Even as you experience the wilderness you will be provided with every amenity, including showers
.

The word hot had not been mentioned.

When she got back to civilization, Lynn vowed, whoever had written that freaking brochure was going to get sued.

5

 

June 20, 1996
10
P.M
.

M
ICHAEL
S
TEWART WAS HOME
. Her brothers Thomas and James would be with him. From her hiding place in the root cellar Theresa heard the braying of the burros they used to haul gear from the camp to where the truck was kept, out near the gravel road some five miles away.
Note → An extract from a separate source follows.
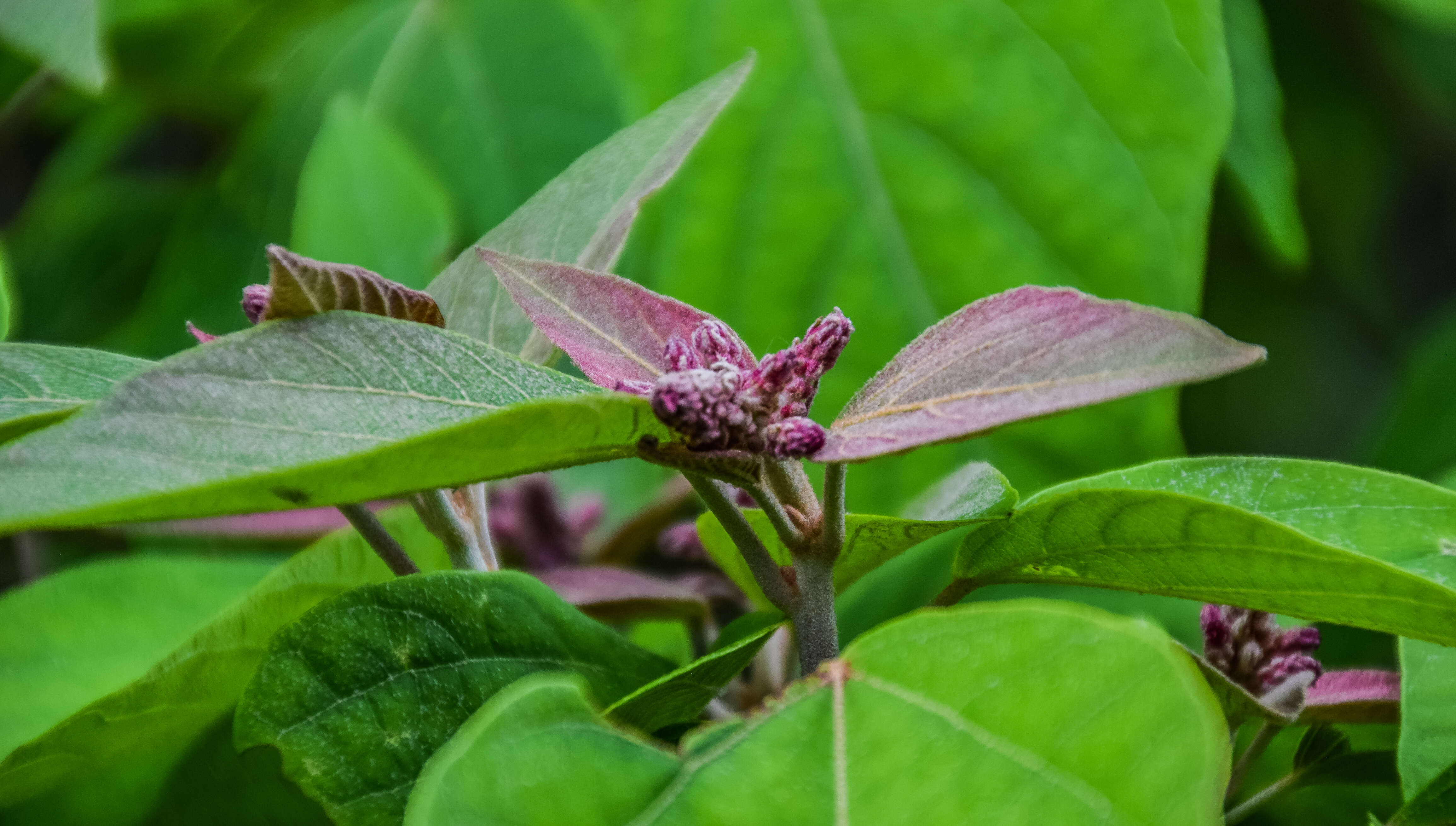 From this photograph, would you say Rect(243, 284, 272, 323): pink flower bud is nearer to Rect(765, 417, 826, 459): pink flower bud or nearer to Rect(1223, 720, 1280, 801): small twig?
Rect(765, 417, 826, 459): pink flower bud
For the first time since the nightmare had begun, she felt a glimmer of hope.

Daddy would save them. He would work a miracle, as he always did.

A miracle was what it would take to defeat the demons in the cabin, Theresa knew.

But miracles were what Daddy was all about.

Elijah whimpered, squirming in his nest of old clothes that were being stored until they could be turned into rugs or quilts or something useful.

“Don’t cry, baby. Please don’t cry.”

Theresa found him by touch and picked him up with a hand over his mouth, thrusting her little finger between his lips to pacify him as she felt around for the nurser she had jury-rigged out of a plastic water bottle and a rubber glove.

The root cellar was so dark that she could see next to nothing. It was small and cramped, hardly more than a crawl space, gouged out of the dirt and rock under a portion of the cabin more than a century before. The storage-room floor was its ceiling. The only entry was a trapdoor behind the washtub.

So far the demons hadn’t found the trapdoor. They had entered the storage room only once, for what seemed like a cursory look around, and left again.

Hearing their footsteps directly overhead, Theresa thought her heart would stop.